Fuente: El Carlismo en el Vaticano, Ignacio Romero Raizábal, Santader, 1968, páginas 67 – 69.



UN AMOR Y UN TESORO


Guardo en mi corazón una frase de Don Javier que me emociona y enternece.

Ésta:


El afecto de Don Alfonso Carlos a Pío IX, fue un verdadero amor.


Y una revelación, por el mismo conducto, que no se había oído nunca.

O que yo nunca había oído…

Que cada año, desde que perdió el Papa el poder temporal y los Estados de su soberanía con la caída de Roma, iba a pasar una semana, en fecha convenida, al Vaticano junto a Su Santidad, el más santo e ilustre Prisionero del mundo.

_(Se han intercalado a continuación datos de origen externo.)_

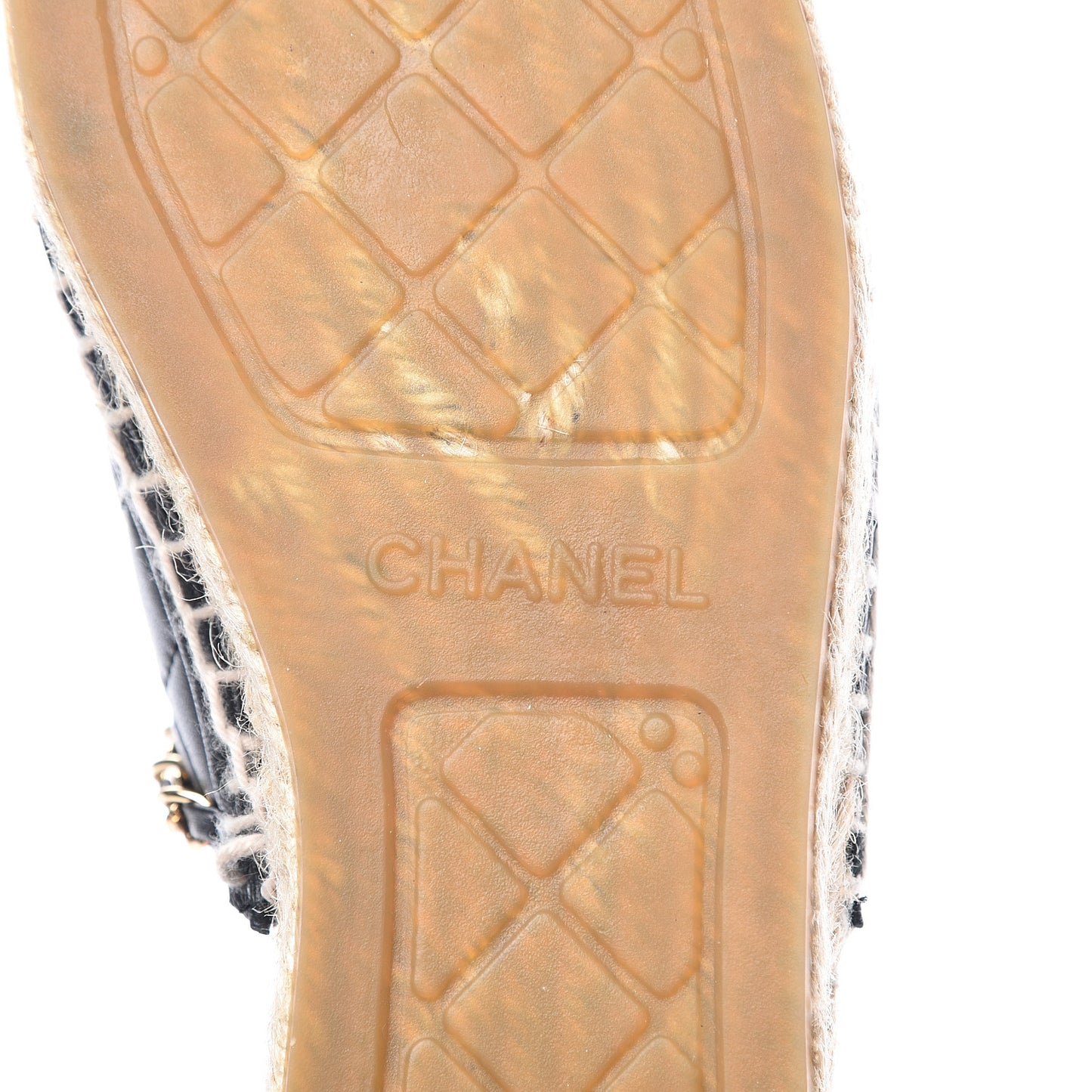 Lambskin Grosgrain Quilted CC Chain Espadrille Mules 40 Black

De rigurosísimo incógnito.

Hasta el Pontificado de Pío XI inclusive, en que se rompió la costumbre. Porque desde la firma del Tratado de Letrán, que tan mal les supo a las Logias y tan caro le costaría a Mussolini, reconociendo el poder de los Papas sobre el Vaticano y Castelgandolfo, no volvió. Pues decía:


El Papa tiene el derecho, y quizás el deber del perdón, pero yo no tengo el del olvido.

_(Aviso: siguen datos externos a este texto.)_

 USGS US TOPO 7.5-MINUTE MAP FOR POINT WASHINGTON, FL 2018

Hay más… Hay un hecho, ignorado y magnífico, de fragante sabor de fábula.

O de cuento infantil que no nos cabe en la cabeza haya podido acaecer, gracias a Dios, en esta edad materialista en que se rinde culto al Becerro de Oro desde las catedrales de los Bancos, y en que lo útil y lo fácil se ambiciona y se premia más y mejor que lo noble y lo bello.

Y que puedo reconstruir, palabra por palabra, por la impresión que me produjo su relato, y las notas que tengo, tal y como me lo narrara Don Javier, heredero de los castillos y las virtudes de Don Alfonso Carlos.

Me contó:


Tenía el tío Alfonso Carlos, en su Castillo de Puchheim, una grande caja de hierro.

Después de su muerte, me dijo el administrador que allí se debía guardar un tesoro muy grande –oro, joyas, valores…– y que nadie vio jamás su contenido.

Pero nadie, tampoco, sabía dónde estaban las llaves.

Al año de un bombardeo ruso que arruinó la casa de Viena, aparecieron las misteriosas llaves y las llevé a Puchheim.

Llamé en seguida al administrador y a los empleados del castillo, para abrir la caja de hierro en su presencia.

Todos estaban llenos de emoción, esperando ver, al fin, el tesoro.

Yo, también.

¿Y no sabes lo que encontramos?


Cualquier adivinanza, mientras dure el suspense, nos coloca a las puertas de un intrincado laberinto de soluciones más o menos posibles.

No sé sabe por dónde echar a andar. No nos dejan ver bien las gafas ahumadas de la duda.

Y concluimos por jugarnos a cara o cruz, a veces, el hacer diana o no dar en el clavo. Lo que no será razonable, ni lo más cómodo; pero resulta divertido.

Mas Don Javier tuvo la caridad de no dejarme demasiado tiempo sobre la cuerda floja de las vacilaciones.

Y, de seguido, me explicó por menudo el tesoro que contenía aquella misteriosa caja.


El uniforme de zuavo pontificio, la espada rota que no entregó al caer prisionero, que era la que llevó su abuelo Carlos V en la Expedición Real en la primera guerra carlista, cartas del Santo Padre, y mapas y correspondencia de la guerra en Cataluña y condecoraciones pontificias.

¡Nada más!

La desilusión del administrador y de los empleados fue enorme.

Por el contrario, mi ilusión fue grandísima.

Porque veía que lo más precioso para mi Tío Alfonso Carlos, lo que guardaba como un tesoro inapreciable, era el recuerdo de Pío IX y unas cartas y mapas de la guerra carlista.


También su hermano Carlos VII tuvo especial predilección por el último Papa guerrero. Y a los cinco años de Valcarlos, al regreso de un viaje a América, besó por última vez los pies de Pío IX, según nos refiere Valentín Sallent, en Carlos VII.

Que es lo mismo que viene a decir Jaime de Carlos Gómez-Rodulfo en el Prólogo a Cartas inéditas de Carlos VII, aunque poniendo en un exacto singular la frase del saludo protocolario a los Pontífices. Y especificando que ocurrió en 1877, luego de un viaje a Estados Unidos y Méjico, dejando en su ausencia encargado del partido a Don Cándido Nocedal.